**PROMPT:** Output a character-exact copy of the data, images removed.

**DATA BLOCK:**
^^^^^^^^

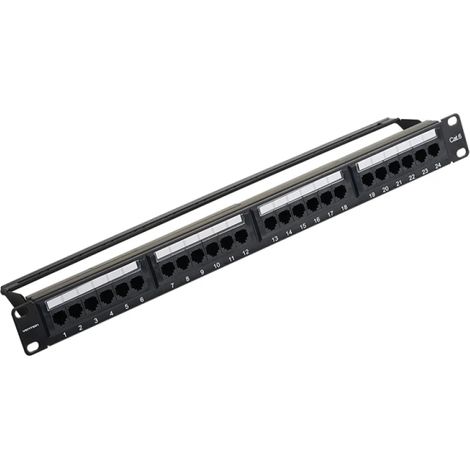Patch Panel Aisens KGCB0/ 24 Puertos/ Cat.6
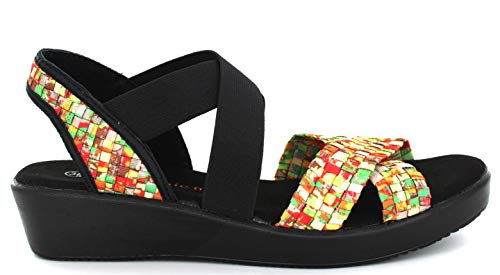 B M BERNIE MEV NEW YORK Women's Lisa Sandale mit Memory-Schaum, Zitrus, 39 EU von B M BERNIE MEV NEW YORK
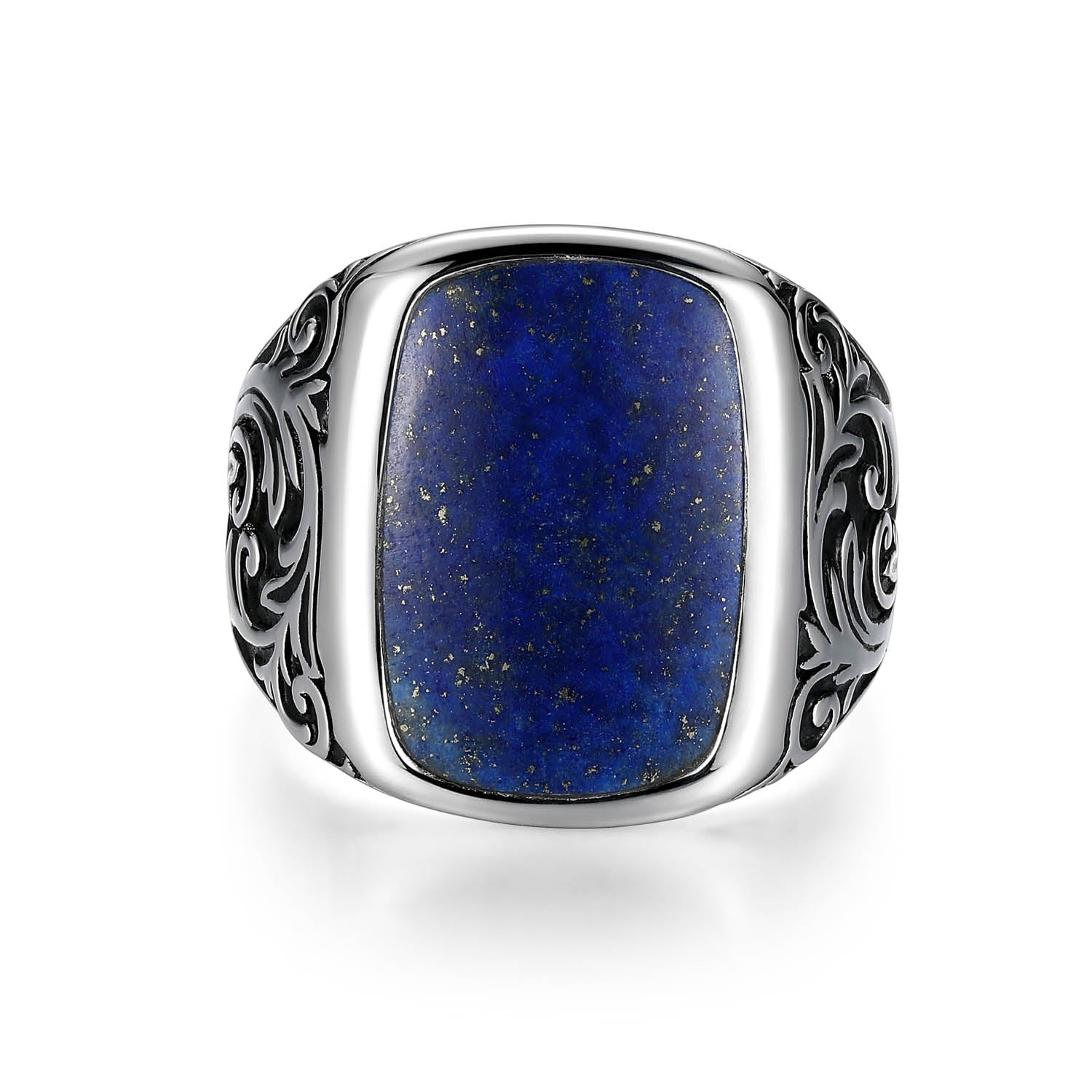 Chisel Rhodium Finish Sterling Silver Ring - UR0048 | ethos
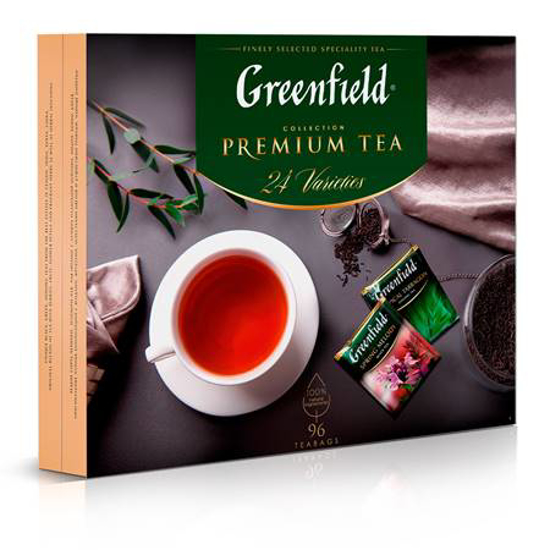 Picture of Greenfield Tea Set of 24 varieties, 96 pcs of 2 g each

^^^^^^^^

**TASK ANSWER:**
Patch Panel Aisens KGCB0/ 24 Puertos/ Cat.6
 B M BERNIE MEV NEW YORK Women's Lisa Sandale mit Memory-Schaum, Zitrus, 39 EU von B M BERNIE MEV NEW YORK
 Chisel Rhodium Finish Sterling Silver Ring - UR0048 | ethos
 Picture of Greenfield Tea Set of 24 varieties, 96 pcs of 2 g each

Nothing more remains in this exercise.